Since the WHO recommends that children be treated for severe malnutrition
if they have severe wasting or kwashiorkor, we also evaluated the positive
and negative likelihood ratios for death for each of MUAC, WHZ, and visible
severe wasting combined with (and/or) kwashiorkor. These were calculated as
follows: positive likelihood ratio = sensitivity/(1 − specificity),
and negative likelihood ratio = (1 − sensitivity)/specificity.15 We used the χ2 test, or the Fisher
exact test where appropriate, to compare categorical data. We used the Kruskal-Wallis
test to compare the distributions of age and length of history between groups,
which were not normally distributed. To determine the independent associations
of different nutritional indices with mortality, we used multivariable logistic
regression in a model that included age, sex, visible severe wasting, WHZ,
and MUAC. To determine the clinical features that differed between children
identified by MUAC and WHZ, we used backward stepwise multivariable logistic
regression. We evaluated the performance of the resulting models using the
Hosmer-Lemeshow goodness-of-fit test. All analyses were performed using STATA
version 8.0, and P<.05 was used to determine statistical
There were 8500 children aged 12 to 59 months admitted during the study
period (1999-2002). Anthropometric data were incomplete in 3.6% (310) of children,
who were mostly admitted in extremis: weight was missing in 0.2% (21), height
in 2.8% (235), and MUAC in 1.4% (126). Among these 310 children, the median
age was 27 months (interquartile range, 20-39 months), and 27.4% (85) died.
These 310 were excluded, leaving 8190 children in the main analysis. The mean
anthropometric values were −1.54 for WHZ, −2.15 for WAZ, −1.59
for HAZ, and 13.7 cm for MUAC. Severe wasting (WHZ ≤−3) was present
in 9.2% (756) and kwashiorkor in 9.5% (778); 15.6% (1282) had 1 or both of
these features. Severe wasting in admitted children was more common among
boys than girls (10.1% [446/4426] vs 8.2% [310/3764], respectively; P<.001), while kwashiorkor was less common among boys
(8.4% [370/4422] vs 10.8% [408/3763], P<.001).
Overall, 4.4% (359) of children included in the study died while in the hospital.
The distribution of nutritional indices within admissions and numbers
of deaths at commonly used cutoffs are shown in Table 1. The areas under the ROC curves for MUAC, WHZ, and WAZ in
predicting inpatient death did not significantly differ: 0.75 (95% CI, 0.72-0.78)
for MUAC and 0.74 (95% CI, 0.71-0.77) for WHZ (P = .39)
(Figure).

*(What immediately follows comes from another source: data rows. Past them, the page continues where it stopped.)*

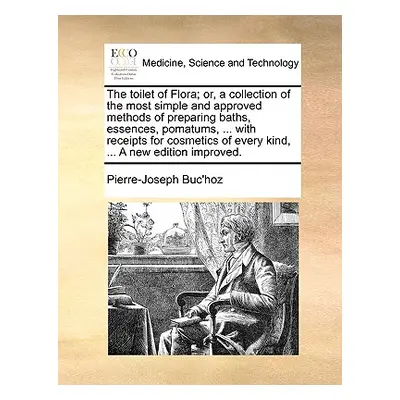 "The Toilet of Flora; Or, a Collection of the Most Simple and Approved Methods of Preparing Bath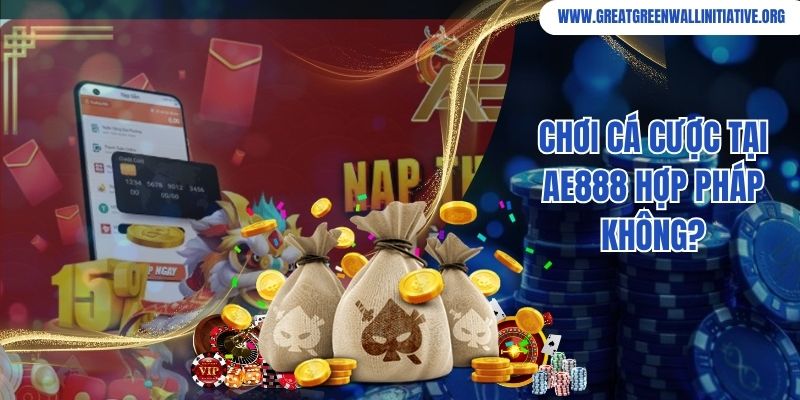 Chơi cá cược tại Ae888 hợp pháp không?
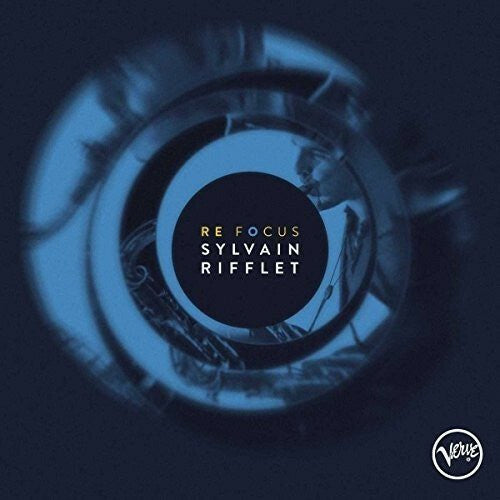 Livrenpoche : Sylvain Rifflet - Re focus - Sylvain Rifflet - CD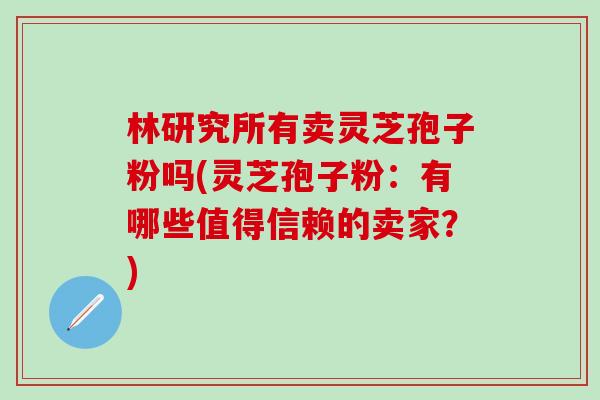 林研究所有卖灵芝孢子粉吗(灵芝孢子粉：有哪些值得信赖的卖家？)-第1张图片-灵芝之家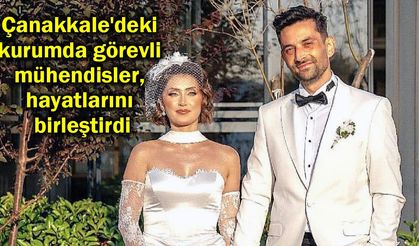 Çanakkale'deki kurumda görevli mühendisler, hayatlarını birleştirdi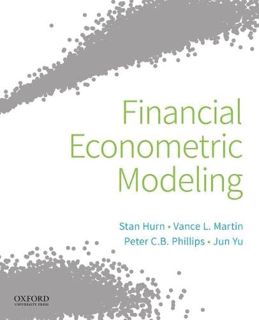 [ACCESS] [PDF EBOOK EPUB KINDLE] Financial Econometric Modeling by  Stan Hurn,Vance L. Martin,Jun Yu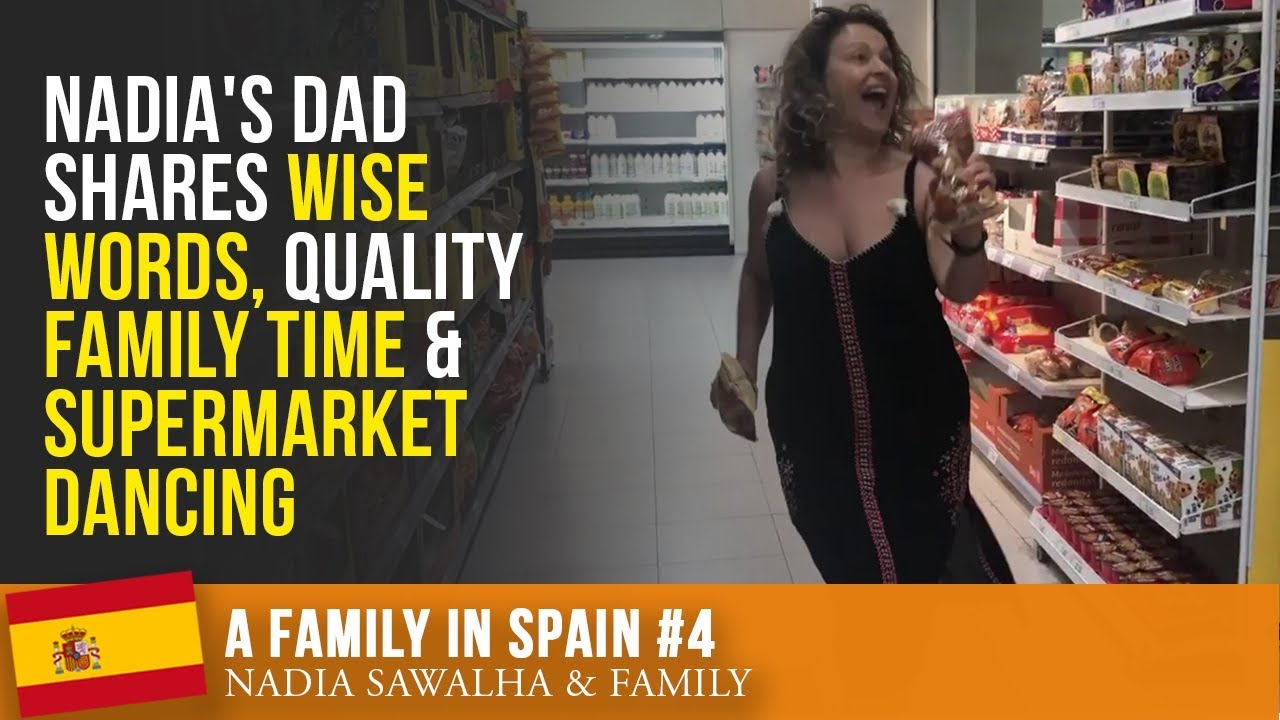 A FAMILY IN SPAIN #4 - Nadia's DAD Shares WISE WORDS, Quality FAMILY TIME & Supermarket DANCING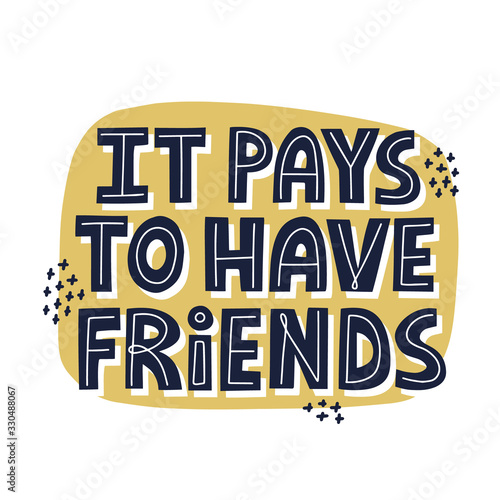 It pays to have friends quote. HAnd drawn vector lettering for banner, poster, card, flyer. Referral program concept.
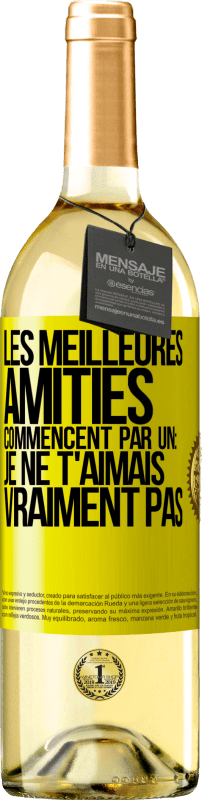 29,95 € | Vin blanc Édition WHITE Les meilleures amitiés commencent par un: Je ne t'aimais vraiment pas Étiquette Jaune. Étiquette personnalisable Vin jeune Récolte 2024 Verdejo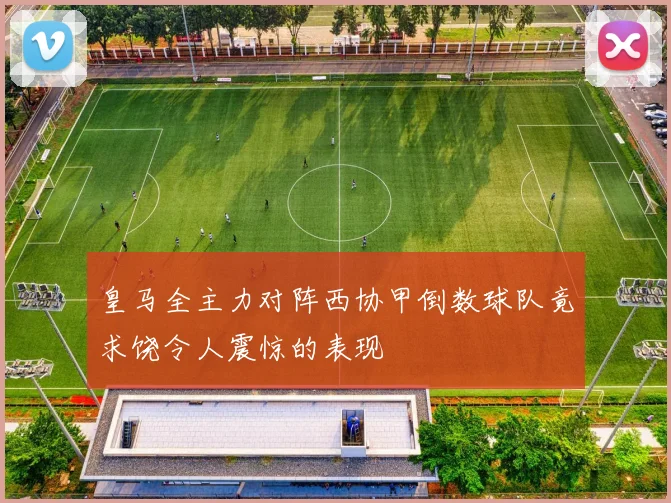 皇马全主力对阵西协甲倒数球队竟求饶令人震惊的表现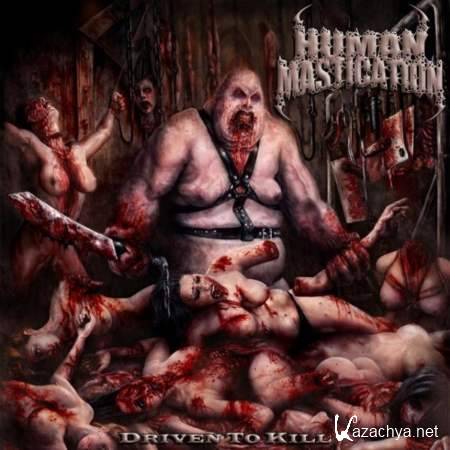 Human Mastication - Driven To Kill [2013, Slamming Brutal Death, MP3]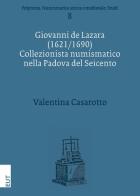 Giovanni de Lazara (1621/1690). Collezionista numismatico nella Padova del Seicento di Valentina Casarotto edito da EUT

The area under the ROC curve
for WAZ was 0.76 (95% CI, 0.73-0.79) and for HAZ was 0.69 (95% CI, 0.66-0.72).
The sensitivity and specificity for inpatient death were 46.2% (166/359) and
91.0% (7122/7829), respectively, for MUAC less than or equal to 11.5 cm, and
41.8% (150/359) and 92.4% (7233/7829) for WHZ less than or equal to −3.
The case fatality rate among admitted children with WHZ less than or
equal to −3 was 19.9% (151/756). The case fatality rate among admitted
children with MUAC less than or equal to 11.5 cm was 19.0% (166/873) and did
not significantly vary with age (Table 2).
Visible severe wasting was present in 9.0% (608) of 6727 children assessed.
The median age of children with visible severe wasting was 24 months (interquartile
range, 18-35 months) and did not differ significantly from that in children
without this sign. Of the 608 children with visible severe wasting, 22.5%
(137) died, compared with 2.5% (153/6117) without this sign (sensitivity,
47%; specificity, 93%). The positive and negative likelihood ratios for death
for WHZ less than or equal to −3 and/or kwashiorkor were 4.36 (95% CI,
3.95-4.84) and 0.47 (95% CI, 0.41-0.53), respectively; those for MUAC less
than or equal to 11.5 cm and/or kwashiorkor were 5.12 (95% CI, 4.49-5.84)
and 0.59 (95% CI, 0.54-0.65); and those for visible severe wasting and/or
kwashiorkor were 5.31 (95% CI, 4.71-5.97) and 0.46 (95% CI, 0.40-0.53). A
multivariable logistic regression model adjusted for age and sex showed that
MUAC, visible severe wasting, and kwashiorkor were all independently associated
with inpatient death (Table 3).
For detecting the WHO standard criterion for severe wasting (WHZ ≤−3),
the sensitivity and specificity of MUAC less than or equal to 11.5 cm were
65.1% (486/746) and 94.8% (7057/7444), respectively, and of visible severe
wasting were 52.6% (320/608) and 95.3% (5831/6119) (P<.001).
Of 608 children with WHZ less than or equal to −3, 29.3% (178) did not
have visible severe wasting or MUAC less than or equal to 11.5 cm (Table 4).
Although the sensitivity and specificity for death of MUAC less than
or equal to 11.5 cm, visible severe wasting, and WHZ less than or equal to
−3 appeared roughly similar, the sets of children identified by these
nutritional indices differed, with only partial overlap (Table 4). Comparing children with MUAC less than or equal to 11.5
cm with children with WHZ less than or equal to −3 by univariate analysis,
children with MUAC less than or equal to 11.5 cm were more likely to be stunted,
female, and to have a longer history of illness, cough, diarrhea, subcostal
indrawing, visible severe wasting, kwashiorkor, moderate anemia, and bacteremia
(Table 5). They also were less likely
to have a history of seizures or to be unable to localize a painful stimulus.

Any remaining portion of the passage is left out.